--- Supplied records ---

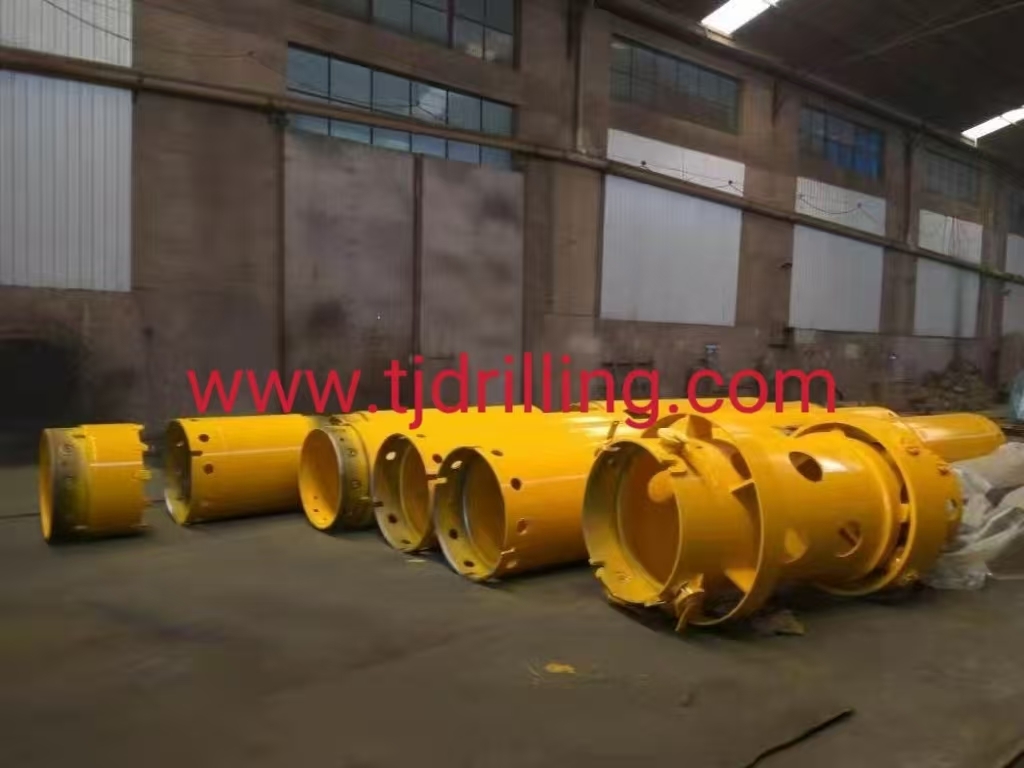 function of segmental casing and how to choose segmantal casing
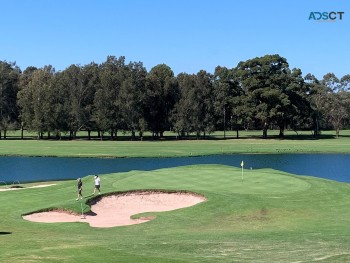 Golf Courses Sydney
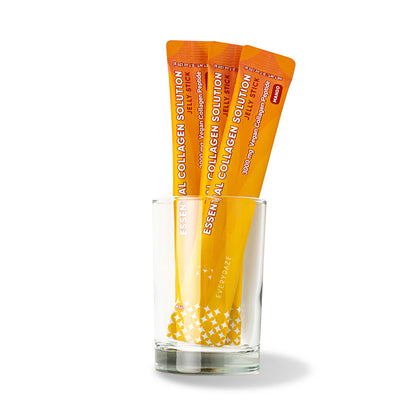 Essential Collagen Solution Jelly Stick - Mango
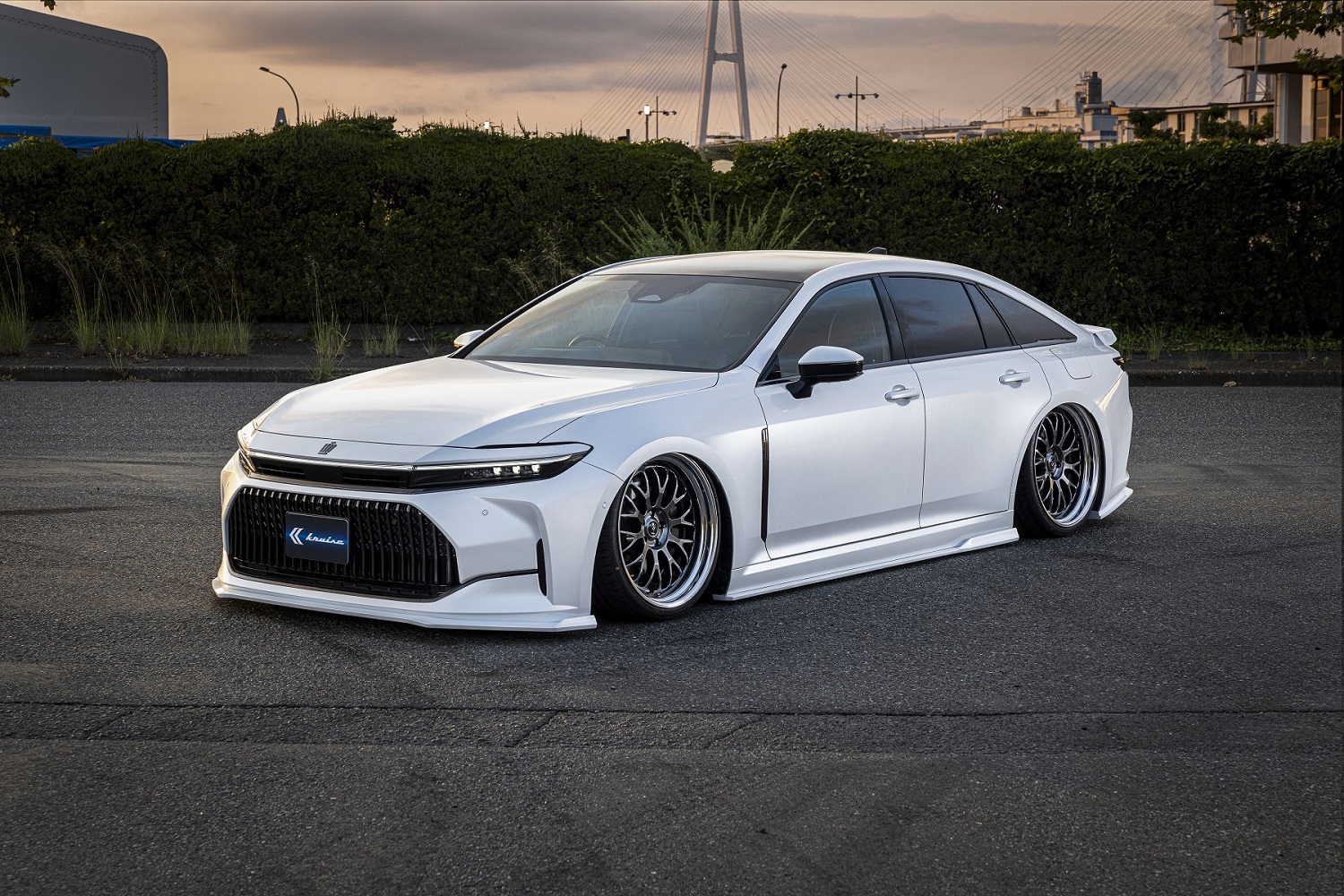 VERZ-WHEELS DDR02｜KUHL JAPANがプロデュースする究極の「立体造形美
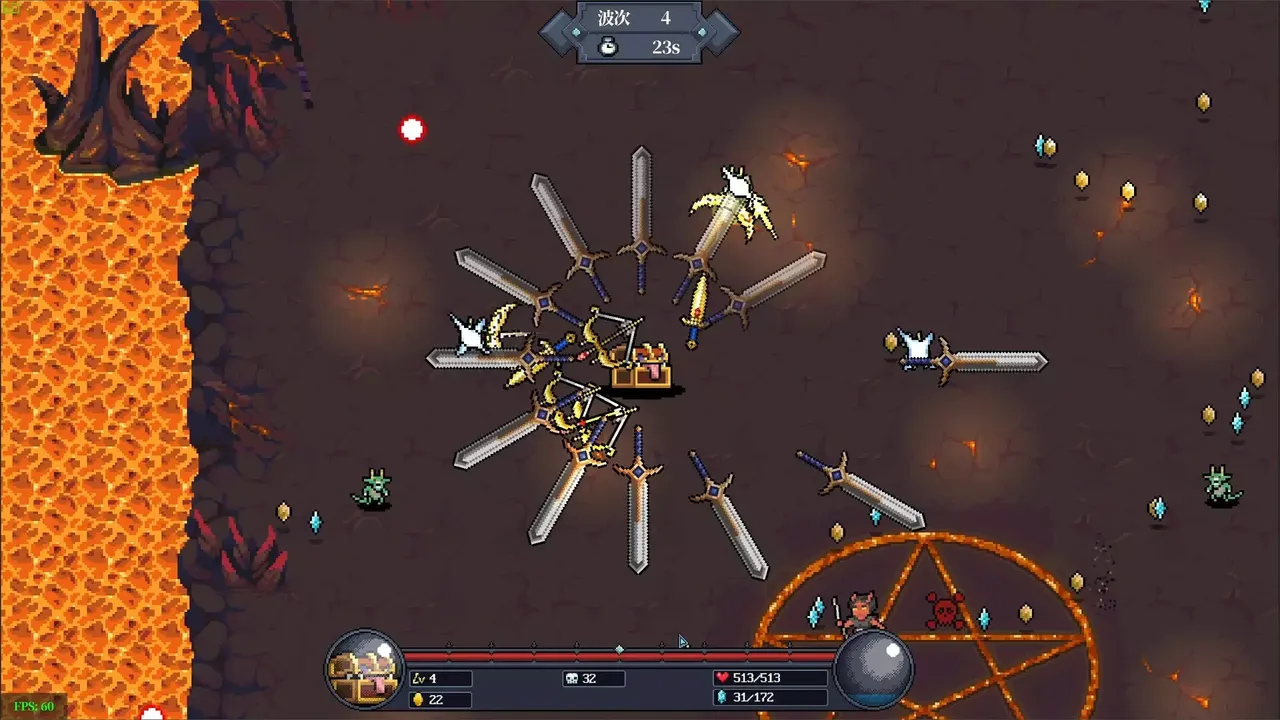 -NightMare King-游戏截图-好玩游戏库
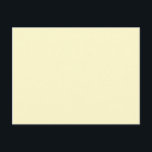 colour lemon chiffon postcard<br><div class="desc">colour lemon chiffon FFFACD. A type of yellow</div>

--- Try it ---
Output each record exactly as it appears, but not the pictures.

--- Reply ---
 function of segmental casing and how to choose segmantal casing
 Golf Courses Sydney
 Essential Collagen Solution Jelly Stick - Mango
 VERZ-WHEELS DDR02｜KUHL JAPANがプロデュースする究極の「立体造形美
 -NightMare King-游戏截图-好玩游戏库
 colour lemon chiffon postcard<br><div class="desc">colour lemon chiffon FFFACD. A type of yellow</div>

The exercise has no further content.